▼▼▼

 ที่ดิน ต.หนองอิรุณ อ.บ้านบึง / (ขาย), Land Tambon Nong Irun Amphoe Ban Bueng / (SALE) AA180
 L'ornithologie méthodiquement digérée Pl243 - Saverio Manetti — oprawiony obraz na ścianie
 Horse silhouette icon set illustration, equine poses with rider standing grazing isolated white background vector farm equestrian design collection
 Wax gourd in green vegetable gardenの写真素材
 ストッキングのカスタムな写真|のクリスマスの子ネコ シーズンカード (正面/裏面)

▲▲▲
▼▼▼

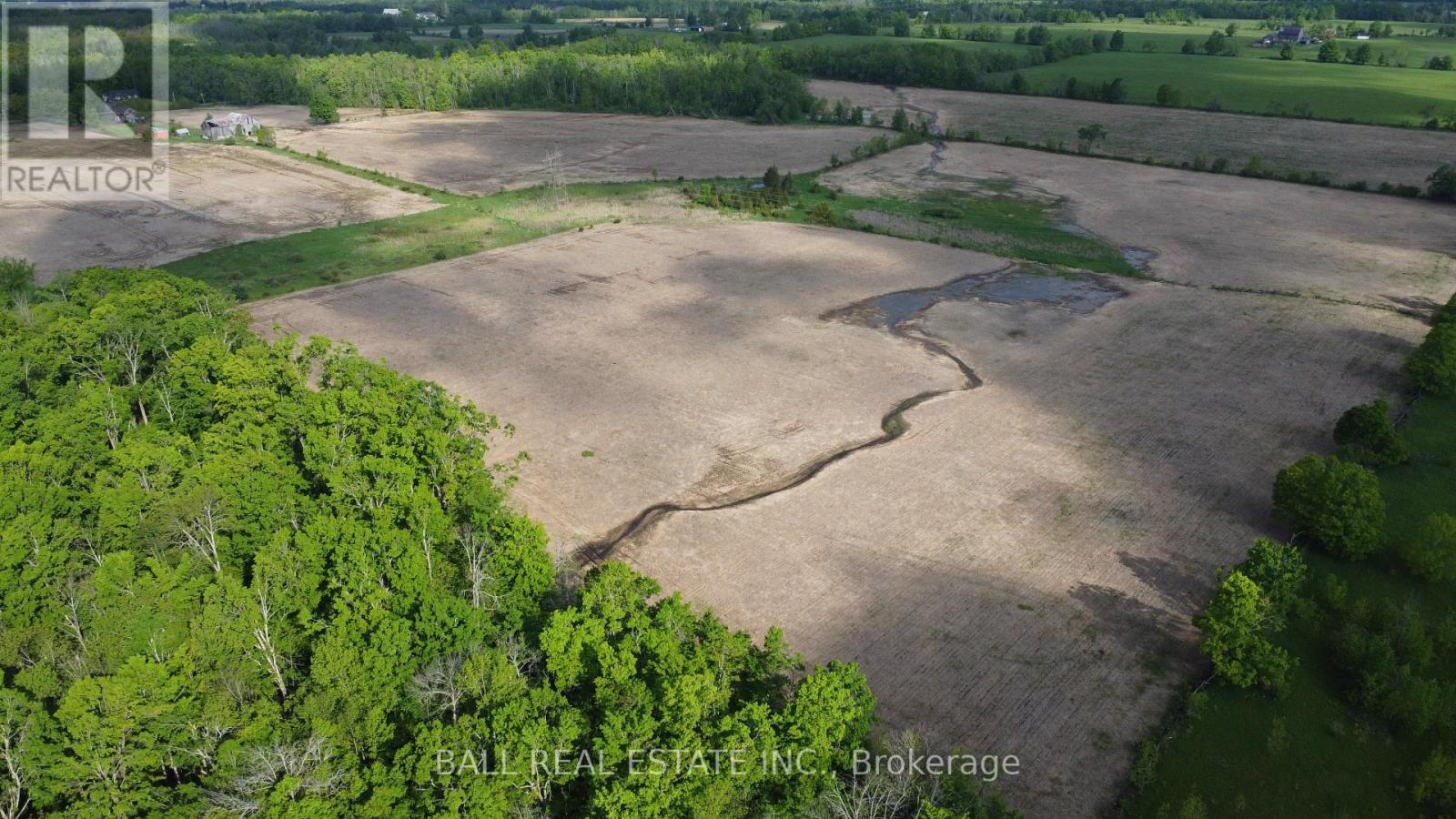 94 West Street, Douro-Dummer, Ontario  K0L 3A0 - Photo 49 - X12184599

▲▲▲

Problem |
Starting at the line that has "Wax gourd in green vegetable gardenの写真素材" in the records above, restate word for word every line until the one that has "ストッキングのカスタムな写真|のクリスマスの子ネコ シーズンカード (正面/裏面)", and include that one as well.

Expected answer |
 Wax gourd in green vegetable gardenの写真素材
 ストッキングのカスタムな写真|のクリスマスの子ネコ シーズンカード (正面/裏面)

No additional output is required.